Manually Trigger Merge

-- Trigger a merge schedule (same as the automatic process above)
optimize table xxx.yyy;

-- Trigger a merge schedule under a specified partition
optimize table xxx.yyy partition 'zzz';

In addition, there is a dry run mode, which allows you to view which parts will be selected for the upcoming merge (or troubleshoot why certain parts are not being selected).

-- Enable tracelog.

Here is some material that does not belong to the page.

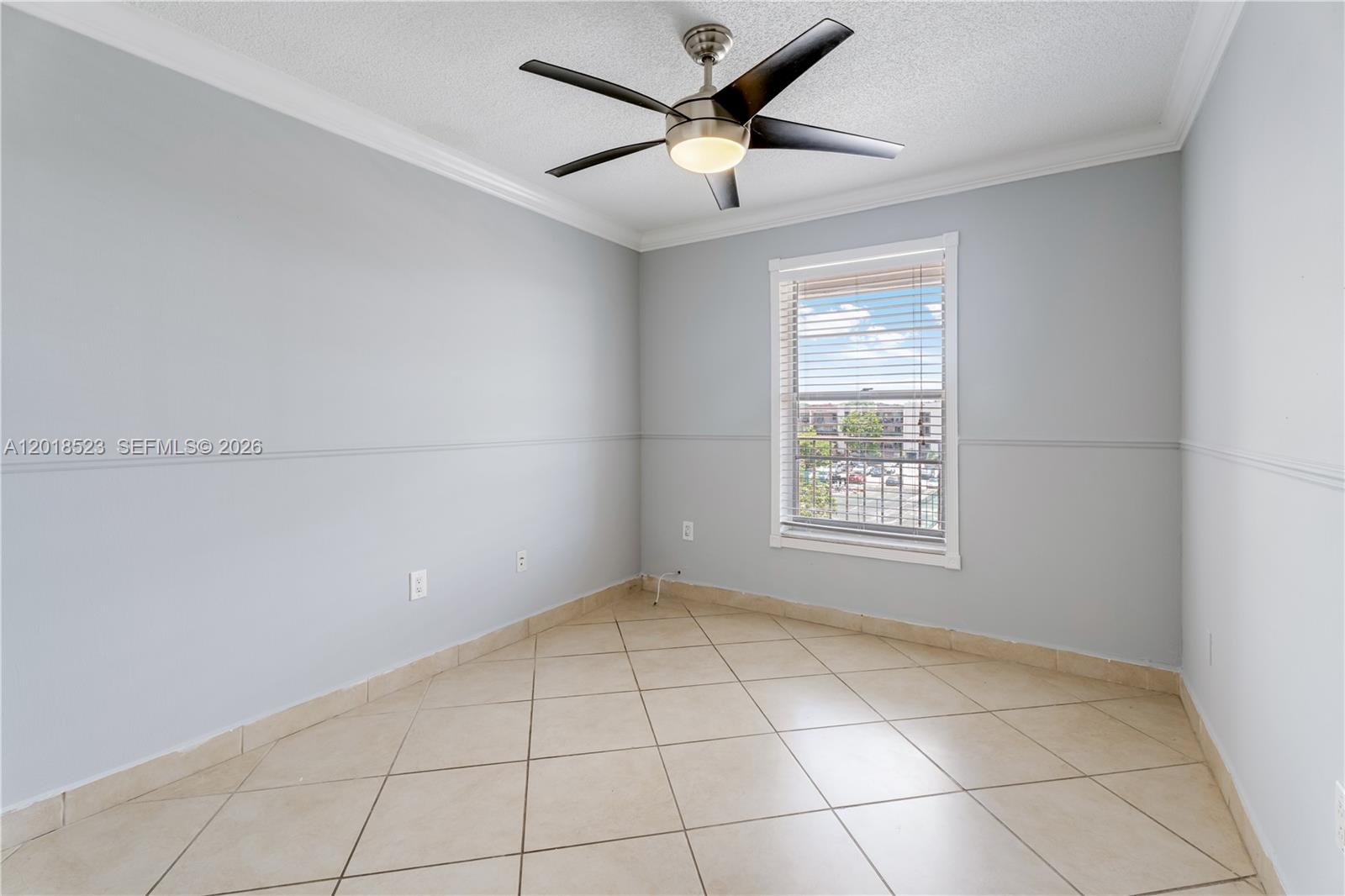 WESTLAND GARDENS CONDO - Residential Lease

When performing a try optimize,
-- it will print relevant logs for the entire merge selection process,
-- such as which partitions and parts were selected, which worker received the merge task, etc.
set send_logs_level = 'trace';

try optimize table xxx.yyy;
try optimize table xxx.yyy partition 'zzz';

Modify Merge Parameters

alter table xxx.yyy modify setting cnch_merge_zzz = www;

Observation

Be sure to select the host server for the table.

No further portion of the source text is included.